KS: Your discussion here focuses on objects. Can you tell me how you have worked with images? What are you looking for in imagery? Where do you find the images that come into the project and how do you work with them in the context of exhibitions?

 

KA: I have always been fascinated by images. My first artworks were photographs. I even taught photography for two years when I was younger. And the first time I exhibited here in Berlin, where I live now, I showed a very humanist slide show, entitled La Piste d’atterrissage [The Landing Strip, 1997-99], at the KW Institute for Contemporary Art in the early 2000s, in “The State of Things,” organized by Catherine David. Years have gone by and I now also find pleasure in space, sculpture, volume and installation. However, sometimes using images is unavoidable and imperative in the face of the real object’s presence. The difficulty is then to produce an artwork that won’t fade in front of the superiority of the object’s presence, because nothing will ever compete with the strength of an object’s presence in front of the viewer’s eyes. This is even truer when the research theme deals with the object as such.

 

KS: So why images? What do they bring to the corpus of knowledge displayed in an installation like Repair?

 

KA: Images articulate reality without substituting for it. They talk about a reality through the proxy of their physical and intellectual characteristics. Yet in the frame of repair as a physical element, the fundamental reason for their interest is their political aspect. Indeed, whether in traditional cultures – in which repair is displayed as a new element and, above all, as the expression of an individual (the repairer) intended for a group (the community, or maybe some other group) that underwrites an individuality – or in modern Western cultures – in which the stake of this act of repair is the disappearance of the wound as well as of the repair itself – in both case the ethical result asserts a desire for the superiority of culture over nature, over, that is, a specificity peculiar to a natural order of things.

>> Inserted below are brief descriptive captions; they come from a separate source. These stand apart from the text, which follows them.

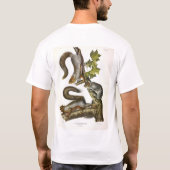 Audubon (Eastern Gray Eichhörnchen) T-Shirt (Rückseite)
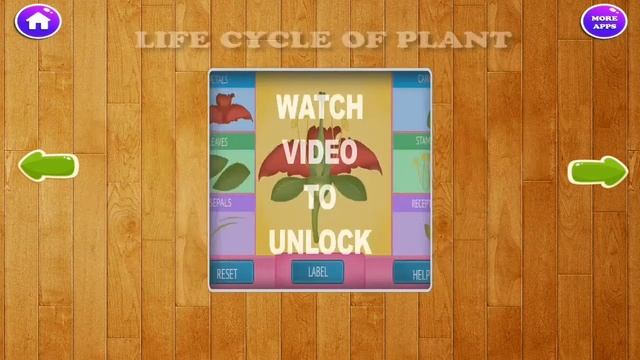 Science Kids Learning Games смотреть онлайн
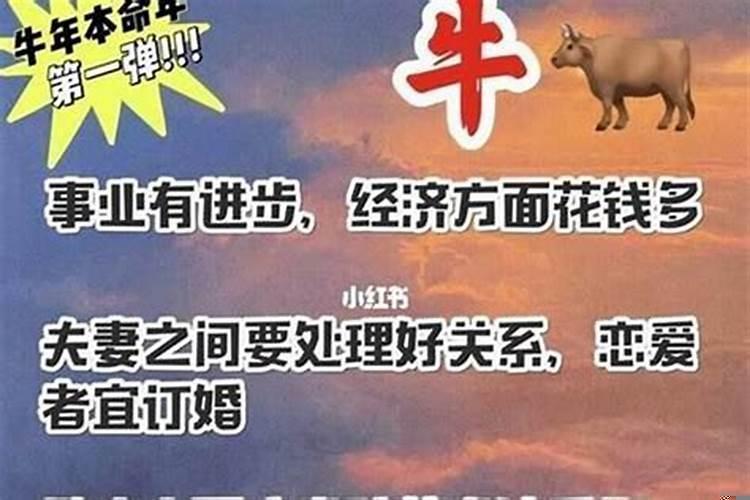 本命年病痛多
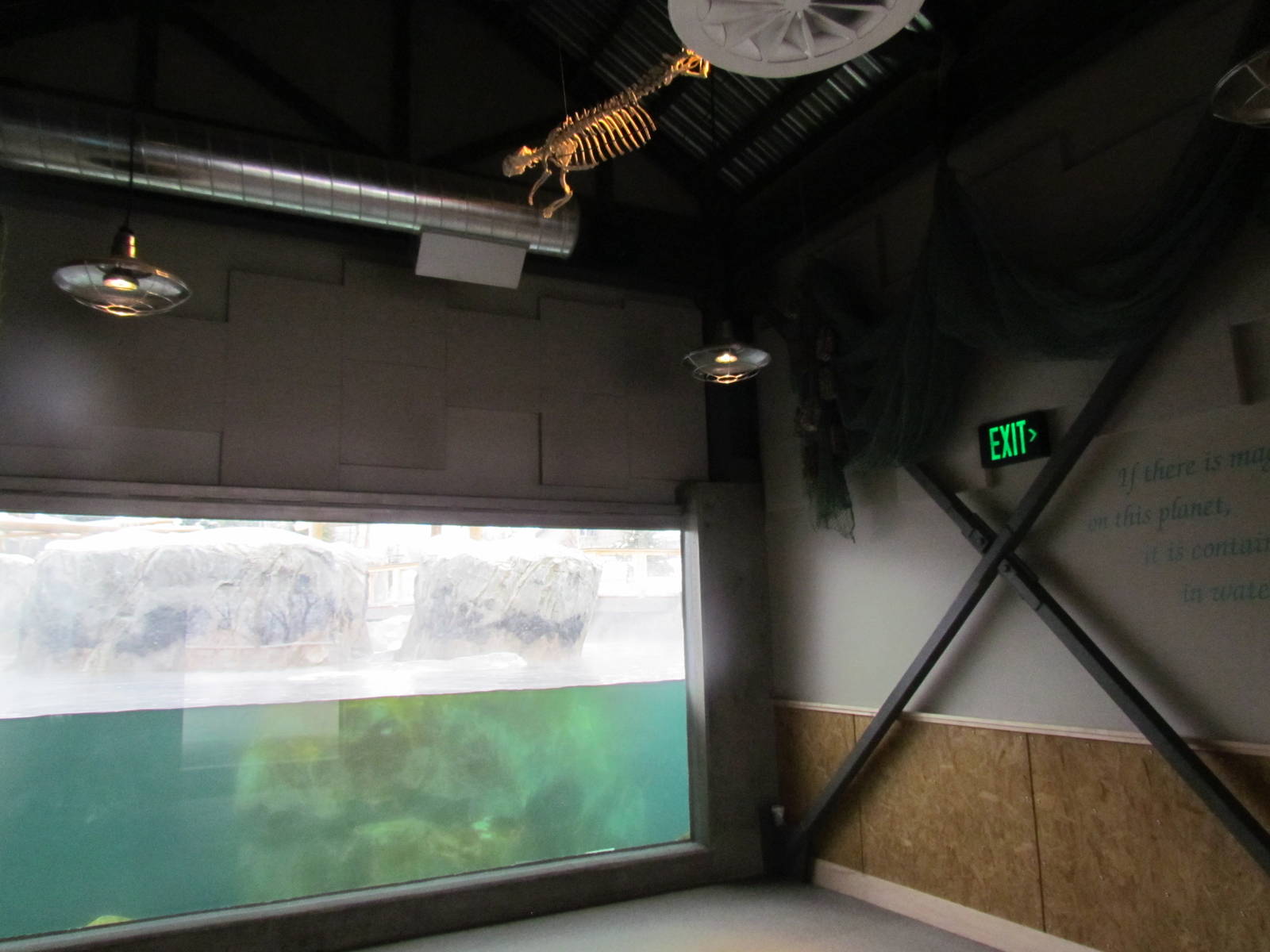 Underwater Viewing Gallery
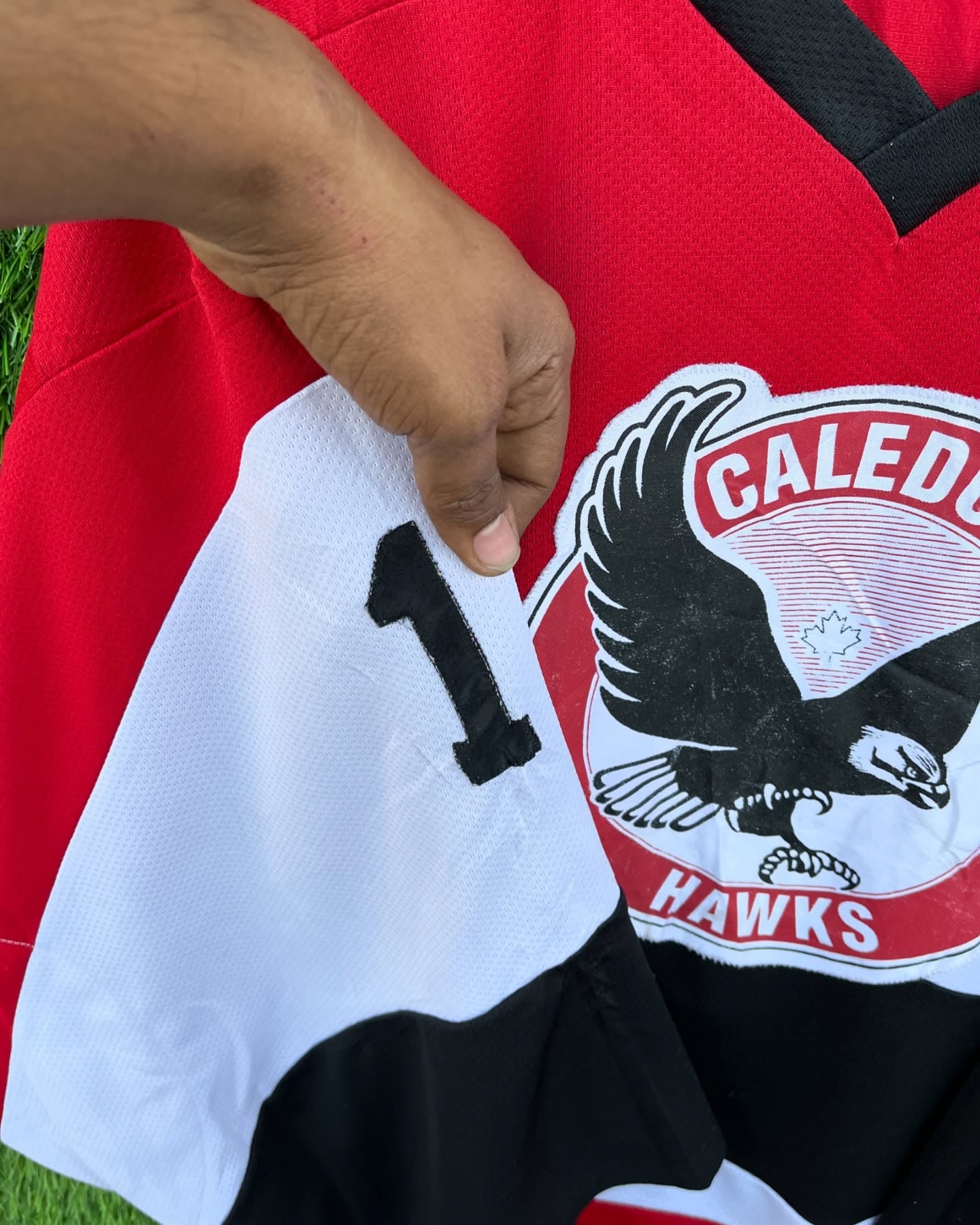 Ice hockey Jersey Caledon Hawks (Patchwork) (Oversized Full sleeve T Shirt or jersey unisex)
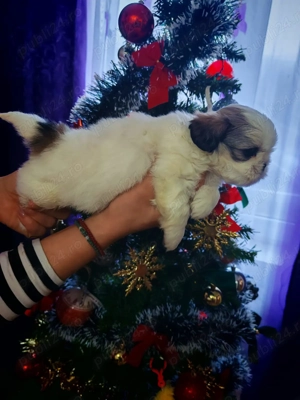 Băiețel shih-tzu își caută căsuță! - imagine 5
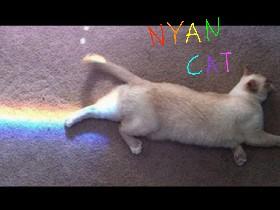 nyan cat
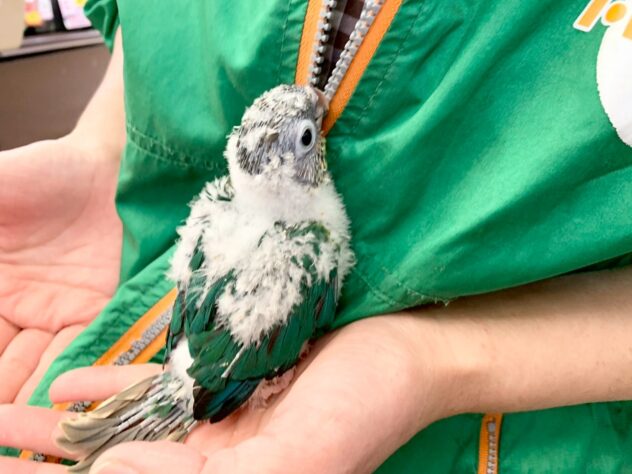 ワキコガネウロコインコブルー | ペットワールド アミーゴ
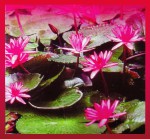 SAC Lotus R&auml;ucherst&auml;bchen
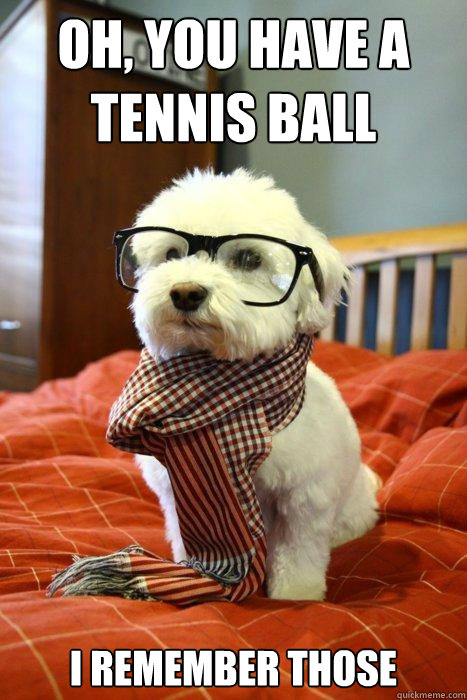 Oh, you have a tennis ball I remember those  Hipster Dog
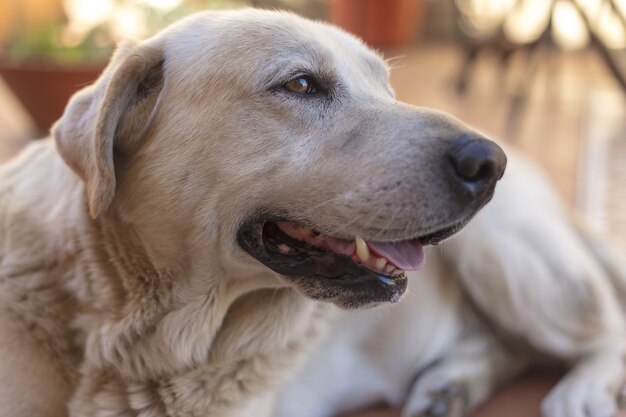 Primer plano de un perro con la boca abierta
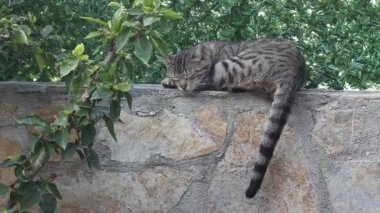 Kedi uykudan uyanıyor.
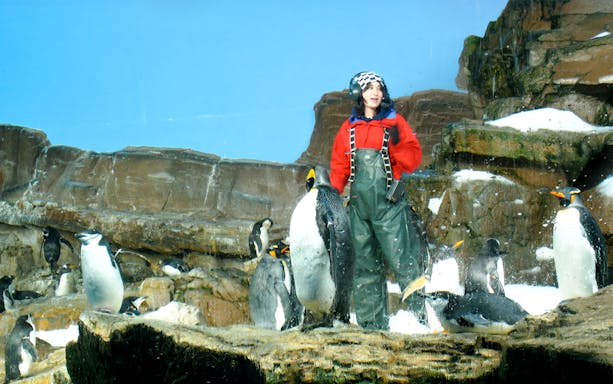 Trainer with penguins at SeaWorld San Antonio, Texas exhibit.
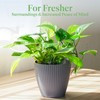 American Plant Exchange Golden Pothos – 6-Inch Pot – Live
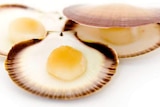 A close-up of a scallop in a shell.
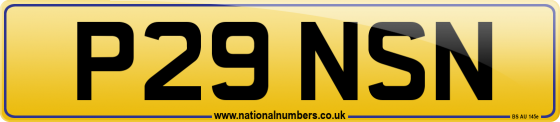 P29 NSN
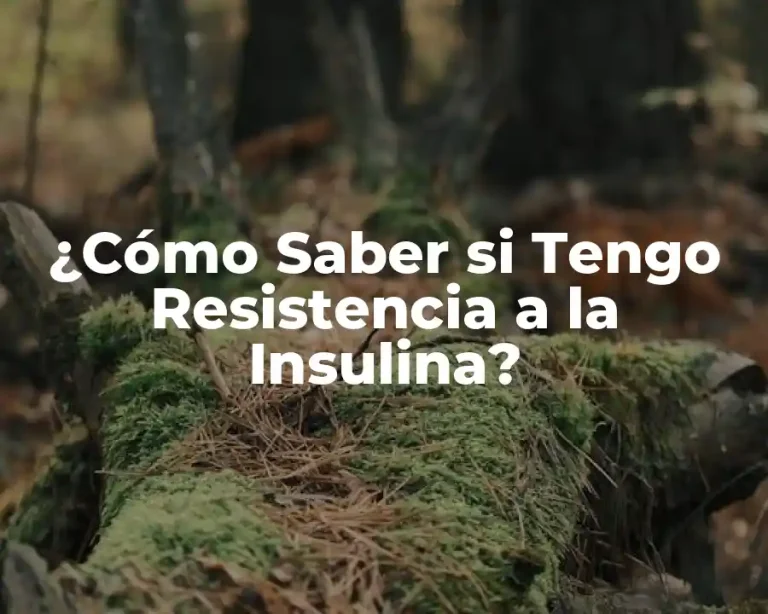 ¿Cómo Saber si Tengo Resistencia a la Insulina?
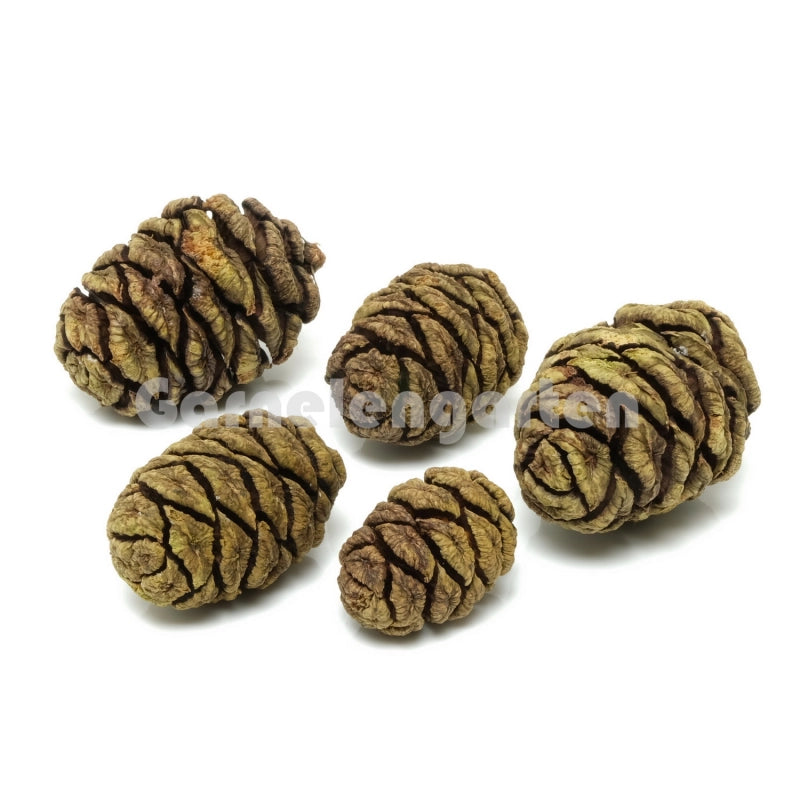  Fünf braune Mammutbaumzapfen. Naturprodukt zur Dekoration.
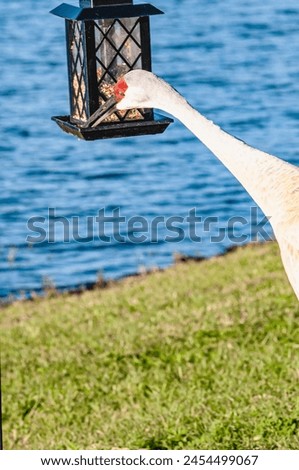 Sand Hill crane, eating seeds from bird feeder, near a tropical lake Royalty-Free Stock Photo #2454499067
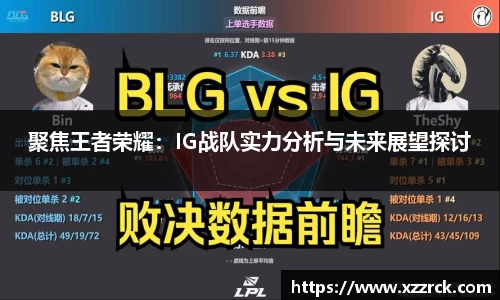 3377体育官网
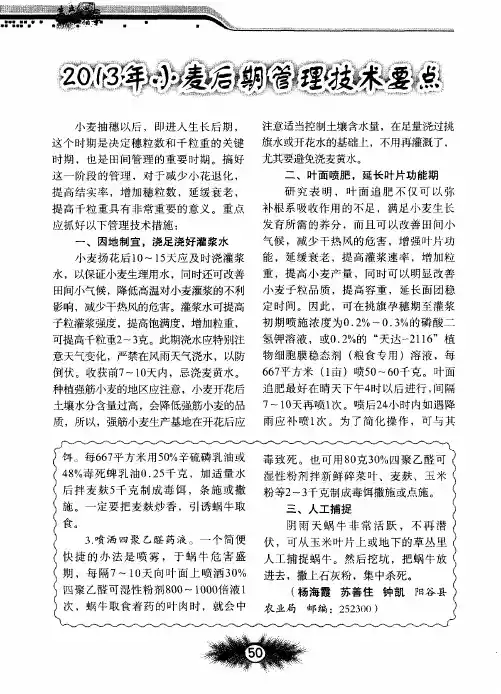 2013年小麦后期管理技术要点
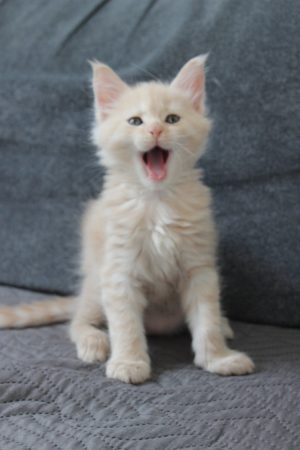 PLUME’S LITTLEPAWS - Image 19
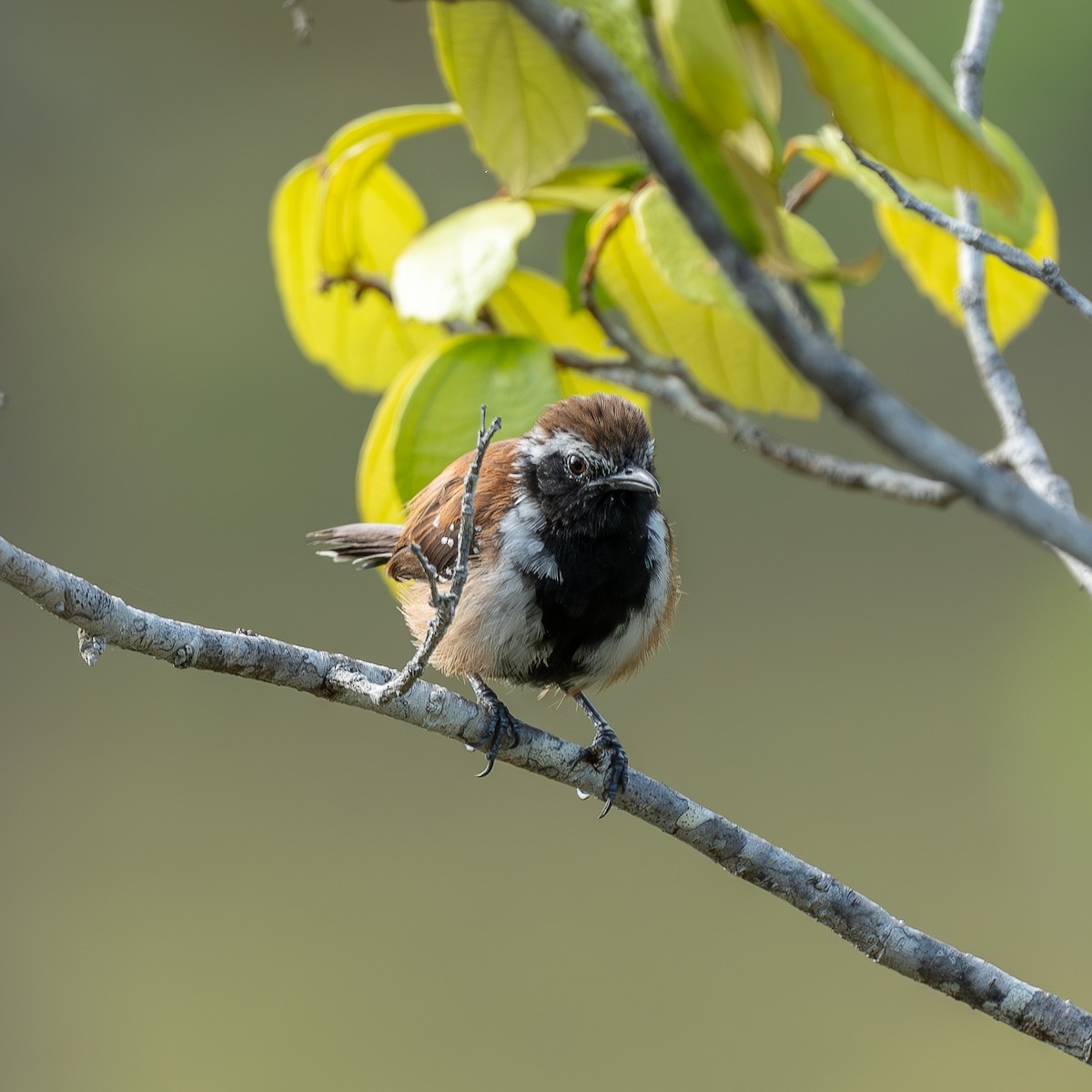 Rusty-backed Antwren - ML647529910
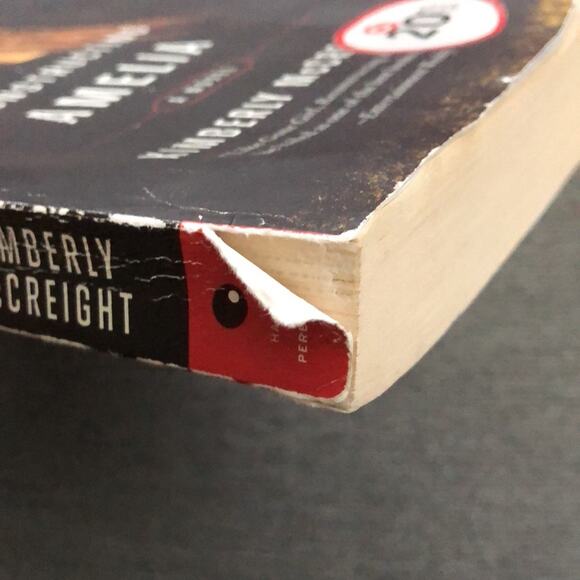 Reconstructing Amelia Paperback Book - Picture 2 of 3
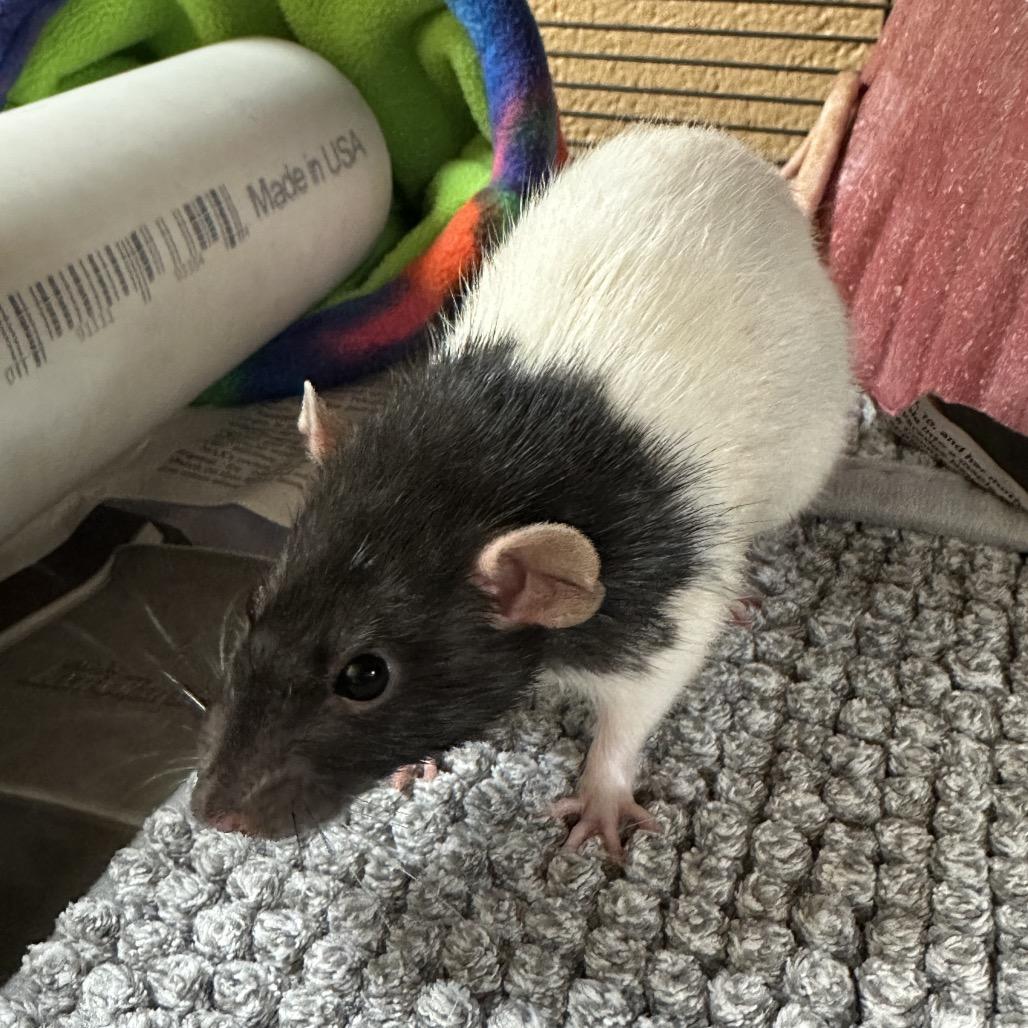 Enlarge Hansel, a Adoptable Rat in Waukesha, WI image 1/1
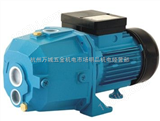 XDPM505A供应利欧XDPm505A深井喷射泵，花园灌溉泵，杭州LEO水泵代理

The wound of a body as well as of an object is the result of a natural weakness, and the act of repairing it is cultural, hence ethical and political. It’s because they are highly political that images are, in that case, of interest to me. First of all, contrary to objects from traditional non-Western cultures, images are a pure technical and semantic product of Western modernity – and so a unidirectional political tool, from the West toward itself. Images, cultural products par excellence, perhaps embody a form of repair of culture over nature peculiar to the West, just as these non-Western repaired objects embody the sign of a re-appropriation and a repair of culture – that is, of knowledge – over nature, in the sense of the natural order of things.

 

Last but not least, the slide show included in the installation The Repair from Occident to Extra-Occidental Cultures illustrates a critique of the amnesia indirectly – and sometimes directly – enshrined by modernity in regards to the cultures of people who are still close to nature, and particularly of those whose rituals of intentional body transformations embody the cultural continuity of human genealogy itself.

 

From ethnography to ethnology and then to anthropology, modern sciences have always tried to rationalize the evolution of humankind through measurement and categorization. Yet in my opinion this mathematical, Cartesian logic misses one thing: magic. Images in this artwork, as well as in art in general, embody the link that separates and links us to the magic of things.